Suppose you have > 100'000 images that need to be sorted and conveniently posted on the web for mass viewing. It can be anything - a gallery of all art created by mankind (in the task that I did), or a historical photo archive of the city of Moscow, or stills from movies, or a common archive of holiday photos from a major travel agency, or a website for stock illustrations and photos, or Archive of images at large mass media for many years - in which it is necessary to restore order, organize navigation and access for employees from the internal network.

I will tell you how it is advisable to program it.

Keywords and their inheritance


The modern approach used by all photo banks and galleries is to provide illustrations with a set of tags (keywords). I developed this approach in two directions: (1) tags can have inheritance (the user searched for berries - found a picture with the “cherry” tag), and (2) tags can be attached at the level of catalogs rather than single illustrations.

The disadvantage of this approach with tags is that you search based on keywords, ignoring the plot of the picture. The dragon killed by the girl and the dragon who killed the girl are two different plots, but the same for the list of words: Dragon, Girl, Death, and Winner (if there was a battle). A keyword-based approach will not allow you to get a sample of the query “Dead Dragon”, which would not include the image of the dragon - the winner over the killed enemy.

The main tags are those that are visible to the user in the alphabetical directory. Additional tags are those that are available to the user only by manually entering the names of these tags in the text of the search string. I consider the number of tags optimal: basic=1/75, additional=1/195, of the number of images.

Plural (riders, mountains, etc.) tags indicate in the file names as & lt; tag name & gt ;! (i.e. an exclamation mark). You will need a dictionary of how tags can be called - plural, feminine/masculine, synonyms, misspellings.

Keep the tag dictionary in 4 files: Marks.csv - main tags, Other.csv - additional tags, Wrong.csv - misspellings, synonyms, plural tag names, Artists.csv - authors. In the Marks.csv and Other.csv files, after the tag identifier and the main name in Russian, enumeration of parent tags (i.e. inheritance) follows.

Marks.csv

Arwen;Арвен (Властелин Колец);Person,Girl,Elf,LordOfTheRings ThorinOakenshield;Торин Дубощит;Person,Male,Beard,LordOfTheRings 

It says that Arwen is a person, a girl, an elf, a character of "Lord of the Rings"; Thorin Oakenshield - a person, a man, wears a beard, the character "Lord of the Rings." Accordingly, when a user searches for “Lord of the Rings”, all images of Arwen and Torin will be found. When searching for a “beard” - among other things, there will be Torin. When searching for “Thorin” - it will also be found, since this abbreviated spelling is in Wrong.csv.

Folder Structure


If you select “show girls” or “show sun” on 100,000 images, the number of results will be excessively large. But this will not happen if the images are divided into folders. For example, in the root directory there is a Dragons folder, inside it is a Yellow folder, inside it is a Girls folder (i.e. images that have girls), and inside it (for all subfolders) there are 200 images. In this case, not these 200 images will appear in the search results, but the folder containing them. This is better for the user.

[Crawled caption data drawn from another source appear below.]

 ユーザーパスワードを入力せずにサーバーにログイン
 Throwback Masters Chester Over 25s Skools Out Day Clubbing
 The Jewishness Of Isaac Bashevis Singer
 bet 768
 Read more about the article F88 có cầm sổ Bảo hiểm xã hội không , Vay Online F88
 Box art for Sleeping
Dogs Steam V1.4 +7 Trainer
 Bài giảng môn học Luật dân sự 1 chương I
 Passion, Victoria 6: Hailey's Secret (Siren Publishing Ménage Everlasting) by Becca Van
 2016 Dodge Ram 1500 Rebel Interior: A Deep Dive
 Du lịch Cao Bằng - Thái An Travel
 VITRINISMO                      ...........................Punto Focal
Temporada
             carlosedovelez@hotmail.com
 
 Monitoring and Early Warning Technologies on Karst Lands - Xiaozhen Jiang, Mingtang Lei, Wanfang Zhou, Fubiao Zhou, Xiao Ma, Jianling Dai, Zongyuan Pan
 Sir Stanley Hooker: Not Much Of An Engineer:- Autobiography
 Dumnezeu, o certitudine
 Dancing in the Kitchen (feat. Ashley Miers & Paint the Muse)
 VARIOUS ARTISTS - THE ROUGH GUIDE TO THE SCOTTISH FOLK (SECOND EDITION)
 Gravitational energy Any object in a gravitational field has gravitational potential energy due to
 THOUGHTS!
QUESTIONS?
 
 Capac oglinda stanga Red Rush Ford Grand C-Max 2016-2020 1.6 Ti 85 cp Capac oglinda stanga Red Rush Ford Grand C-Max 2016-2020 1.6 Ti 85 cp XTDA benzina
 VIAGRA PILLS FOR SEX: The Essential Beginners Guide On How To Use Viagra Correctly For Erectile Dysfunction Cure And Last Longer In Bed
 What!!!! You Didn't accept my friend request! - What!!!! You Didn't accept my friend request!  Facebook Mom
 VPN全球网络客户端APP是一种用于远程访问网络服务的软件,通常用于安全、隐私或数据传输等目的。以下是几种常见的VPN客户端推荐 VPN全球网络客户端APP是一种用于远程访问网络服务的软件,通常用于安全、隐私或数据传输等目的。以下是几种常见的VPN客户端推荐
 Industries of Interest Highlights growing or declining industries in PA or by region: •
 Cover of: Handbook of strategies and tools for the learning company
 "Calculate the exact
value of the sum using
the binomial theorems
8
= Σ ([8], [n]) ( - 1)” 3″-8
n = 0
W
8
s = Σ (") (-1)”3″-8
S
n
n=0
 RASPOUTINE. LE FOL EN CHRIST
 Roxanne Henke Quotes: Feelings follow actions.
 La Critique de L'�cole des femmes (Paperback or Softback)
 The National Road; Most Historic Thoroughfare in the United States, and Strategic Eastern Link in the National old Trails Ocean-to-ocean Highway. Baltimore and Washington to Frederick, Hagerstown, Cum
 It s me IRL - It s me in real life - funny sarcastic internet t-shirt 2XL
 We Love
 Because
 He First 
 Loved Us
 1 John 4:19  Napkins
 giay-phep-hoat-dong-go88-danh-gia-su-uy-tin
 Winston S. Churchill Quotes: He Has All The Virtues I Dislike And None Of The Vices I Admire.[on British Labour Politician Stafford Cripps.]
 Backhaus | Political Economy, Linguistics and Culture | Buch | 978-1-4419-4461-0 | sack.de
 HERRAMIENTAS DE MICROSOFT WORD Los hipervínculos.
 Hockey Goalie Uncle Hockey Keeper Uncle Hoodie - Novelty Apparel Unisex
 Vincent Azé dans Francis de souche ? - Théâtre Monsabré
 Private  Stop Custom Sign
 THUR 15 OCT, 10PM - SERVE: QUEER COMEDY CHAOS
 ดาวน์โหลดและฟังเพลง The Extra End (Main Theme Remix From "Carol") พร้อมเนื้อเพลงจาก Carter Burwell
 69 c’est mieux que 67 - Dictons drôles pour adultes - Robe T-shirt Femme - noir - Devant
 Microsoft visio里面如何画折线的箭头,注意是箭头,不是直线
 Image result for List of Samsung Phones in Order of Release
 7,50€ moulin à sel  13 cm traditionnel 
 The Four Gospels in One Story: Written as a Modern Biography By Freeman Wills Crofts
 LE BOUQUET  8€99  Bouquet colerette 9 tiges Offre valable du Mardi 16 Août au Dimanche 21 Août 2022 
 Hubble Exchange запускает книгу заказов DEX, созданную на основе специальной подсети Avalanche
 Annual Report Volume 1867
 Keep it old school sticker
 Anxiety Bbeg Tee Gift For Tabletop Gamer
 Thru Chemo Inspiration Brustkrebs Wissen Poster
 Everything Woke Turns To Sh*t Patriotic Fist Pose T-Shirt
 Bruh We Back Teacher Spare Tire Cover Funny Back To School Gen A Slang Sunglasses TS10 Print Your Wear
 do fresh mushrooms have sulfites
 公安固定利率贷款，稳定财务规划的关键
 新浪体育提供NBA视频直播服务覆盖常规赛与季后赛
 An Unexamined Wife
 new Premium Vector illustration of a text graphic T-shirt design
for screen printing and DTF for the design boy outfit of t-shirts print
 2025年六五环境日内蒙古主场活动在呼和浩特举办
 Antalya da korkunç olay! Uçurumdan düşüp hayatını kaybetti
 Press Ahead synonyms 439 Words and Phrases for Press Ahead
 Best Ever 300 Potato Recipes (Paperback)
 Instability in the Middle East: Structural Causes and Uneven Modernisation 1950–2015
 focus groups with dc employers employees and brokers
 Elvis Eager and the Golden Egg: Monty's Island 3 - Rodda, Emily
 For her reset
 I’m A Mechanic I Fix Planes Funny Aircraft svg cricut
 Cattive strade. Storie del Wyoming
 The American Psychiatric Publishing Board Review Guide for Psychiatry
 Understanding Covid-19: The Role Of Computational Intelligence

Here, however, there is a problem of closely related relations. Almost always, kings in images have crowns, but not in all cases. Suppose there is a folder of Kings, and there are 3000 images in it, 2500 of them in crowns. Here, with regard to the crown - a simple approach to show the folder does not work.

I consider the optimal number of folders=1/28 of the number of images

As you understand, if the file already lies in the Dragons/Yellow/Girls folder, then these tags do not need to be added to the file name, add only tag identifiers to the file name that do not follow from its storage location.

ITKarma picture

Multilingualism, icons, texts, virtual subfolders


A _ file has been created inside each folder.jpg of size 200 (width) * 280 (height) is the folder icon when viewing it (the text is displayed on top of it), both when the user is in a higher folder and when the user views the search results (if this folder is found). Keyword icons have the same resolution.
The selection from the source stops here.